Una questione di vita o di morte

Un tema universale o di stretta attualità rischia sempre l’inflazione e nel peggiore dei casi anche la strumentalizzazione, conseguenti a un sovraffollamento e ad una concentrazione di opere realizzate da una serie di autori che, in dato periodo storico o in seguito a una causa scatenante, hanno deciso di affrontarlo. Il risultato è uno tsunami di titoli sulla breve quanto sulla lunga distanza che si vanno a riversare sullo schermo.

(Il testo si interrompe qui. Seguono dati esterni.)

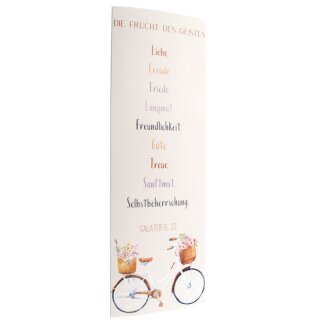 Lesezeichen - Frucht des Geistes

Il problema a quel punto è capire quanto realmente il prodotto audiovisivo di turno, indipendentemente dalla provenienza e dalla sua futura destinazione, possa essere realmente figlio di un’esigenza artistica e intellettuale in generale, o quanto, al contrario, nasca dalla volontà del cineasta che ne ha firmato la regia di restare nella cosiddetta comfort zone o di cavalcare l’onda del momento sfruttando il richiamo mediatico.
In tal senso, sono moltissime le pellicole che nell’ultimo decennio, a tutte le latitudini e in tutte le salse, si sono confrontate con il tema dell’immigrazione clandestina e della più o meno mancata accoglienza, ma a conti fatti, per quanto ci riguarda, solo una manciata di queste si sono rivelate realmente sincere e oneste nel trattarlo. Tra queste figura senza ombra di dubbio Bismillah, fresco vincitore del David di Donatello per il miglior cortometraggio e rappresentate designato dall’Italia per la corsa all’Oscar 2019 di categoria, che come avrete modo di constatare con i vostri occhi fa suo l’argomento per poi restituirlo in modo del tutto personale. Il dramma dell’emigrazione rappresenta, infatti, la cornice tematica di profonda attualità su e intorno al quale Alessandro Grande ha costruito l’architettura drammaturgica dello script prima e della sua trasposizione poi.
Nel suo ultimo cortometraggio, presentato in concorso alla 13esima edizione di Cortinametraggio e in altre importantissime kermesse internazionali (da Busan al BUFF di Malmo e il Toronto International Film Festival Kids) il regista calabrese racconta la storia della piccola Samira, una tunisina di 10 anni che vive illegalmente in Italia con suo padre e suo fratello e che si troverà ad affrontare, da sola, un problema più grande di lei. La sinossi, a una prima e superficiale lettura, potrebbe apparire come la classica odissea umana di uno o più personaggi impegnati in una lotta per la sopravvivenza quotidiana in un ambiente ostile. In tal senso, di plot analoghi nell’ampio bacino a disposizione sino ad oggi la Settima Arte ne ha visti passare tanti. La visione, al contrario, scardinerà ben presto tale pregiudizio, offrendo allo spettatore un approccio alla materia viscerale, sensibile e profondo, dal quale emerge in maniera cristallina un modo di porsi da parte dell’autore nei confronti del nucleo tematico che non presta mai e poi mai il fianco alla stereotipazione. Questo modo rispettoso e diverso di porsi, di confrontarsi e di trattare certe argomentazioni, non in linea con certi pessimi modus operandi ampiamente diffusi nella cinematografia nostrana e non solo, è appartenuto a Grande sin dai esordi sulla breve distanza e lavori come Margerita (vincitore di oltre 78 premi nel mondo) o In My Prison ne sono la dimostrazione tangibile.
È dunque l’approccio di Grande, mai banale, superficiale e semplicistico, il cuore pulsante di un’opera che si alimenta del ventaglio di stati d’animo dei suoi personaggi per poi restituirli sotto forma di emozioni che arrivano diritte al cuore del fruitore. Il veicolo nonché portatore sano di queste emozioni è lo sguardo del regista, mai invasivo e canalizzante, messo completamente al servizio della storia e in primis delle dinamiche dei personaggi che lo animano, a cominciare proprio dalla piccola protagonista, autentica e straordinaria rivelazione.